But there's no sign of a repeat of the Buenos Aires episode -- either for recording, or on VOD. (I searched both on the Roamio directly, and with kmttg.) I don't see any upcoming episodes in the next two weeks -- the only S7 episodes available are from VOD.

CNN's new site is a hot mess, so I have no idea where to find info about changes in their schedule. I see some clips for the Buenos Aires episode on the show page, but nothing seems to be marked as the full episode.

I suspect it was the last episode of the season, and CNN is just going to move on to their newer shows.

Not important in the grand scheme of things -- it's only TV. Just wanted to drop in a note here in case someone else spots a repeat.


----------



## mattack (Apr 9, 2001)

You could "just" have your Tivo record all, including repeats.. Then after the ~28 day no re-recording thing, it'll record the episode again.. (I'm presuming you don't actually pick Everything and get duplicates.)

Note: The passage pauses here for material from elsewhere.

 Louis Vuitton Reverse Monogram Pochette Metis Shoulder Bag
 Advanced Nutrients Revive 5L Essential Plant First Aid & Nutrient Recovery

and/or you could View Upcoming every once in a while to catch the missed episode..

If on a newer Tivo, you could even change your OnePass to start with this season, to get fewer unwanted told shows.


----------



## jsmeeker (Apr 2, 2001)

I should do this "record all episodes" thing, but like Jan, I think they are moving onto their new set of shows. Maybe eventually it will come back. Probably just before the next season of "Parts Unknown" airs later on in the Fall


----------



## mattack (Apr 9, 2001)

I'm pretty sure I've seen CNN repeat shows like this endlessly.. I think I caught one or a few eps of the Morgan Spurlock CNN show many months later. There's also some CNN documentary series I record then sometimes nuke for space reasons, then they come back.

and on other channels, the various Naked & Afraids and Cutthroat Kitchen episodes rerun all the time. So I changed those to New & Reruns too, and go nuke a bunch sometimes..

I'm not quite going back on my no-rerun stance in general, but reruns of a show from the same cable network haven't been noticeably cut down (as opposed to e.g. broadcast network shows having MANY minutes cut out for syndication).


----------